## Exercise aim
Copy from the first line below down to and including the line with "Calvin Klein Jeans". Skip the pictures.

## Data section
━━━━━━

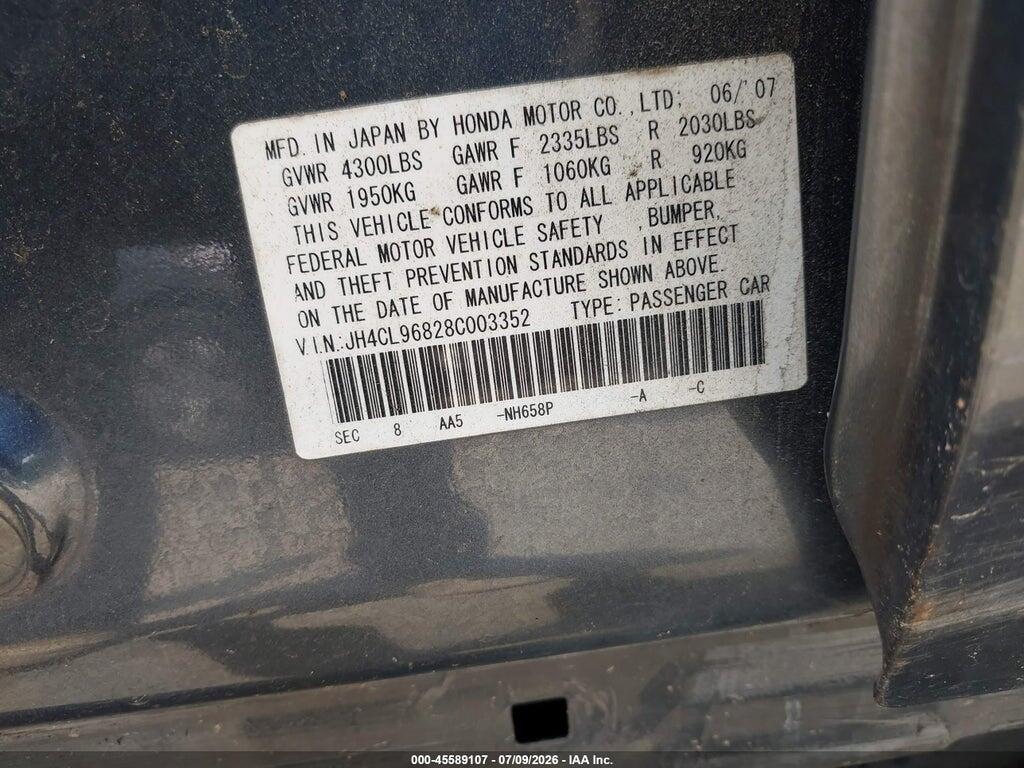 JH4CL96828C003352 2008 ACURA TSX photo no. 9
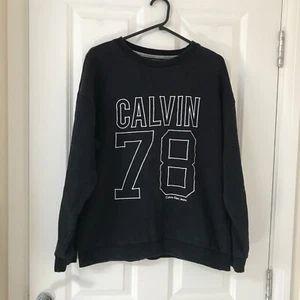 Calvin Klein Jeans #78 Oversized Jumper Black Medium Ladies Sweater CK Pullover - Picture 1 of 7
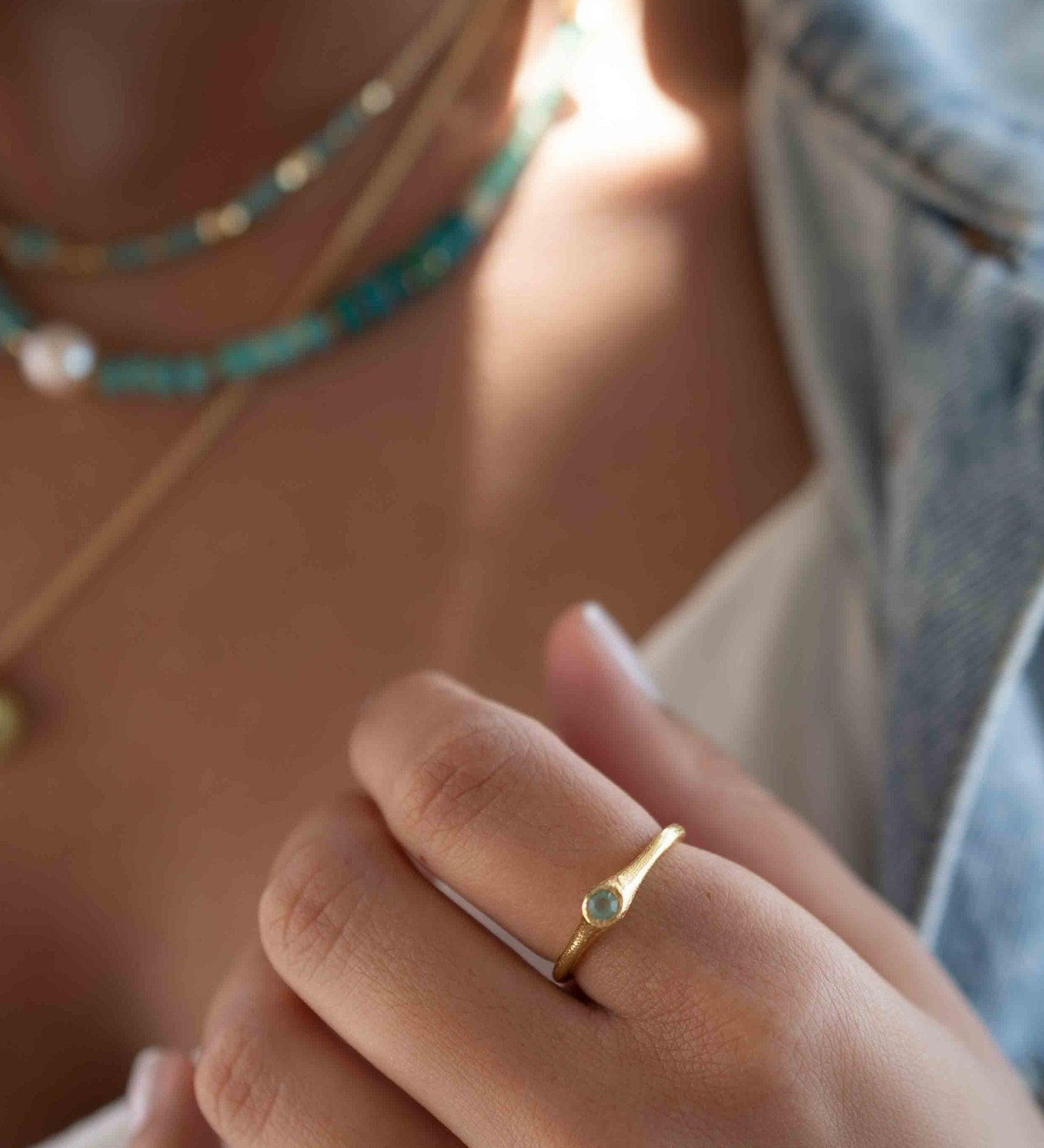Aqua Chalcedony Gold Ring ~ Delicate ~ 18k Gold Plated ~ Handmade ~ Gemstone~Statement ~Everyday~ Hippie~Bohemian~Stackable ~MR331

━━━━━━

## Answer box
 JH4CL96828C003352 2008 ACURA TSX photo no. 9
 Calvin Klein Jeans #78 Oversized Jumper Black Medium Ladies Sweater CK Pullover - Picture 1 of 7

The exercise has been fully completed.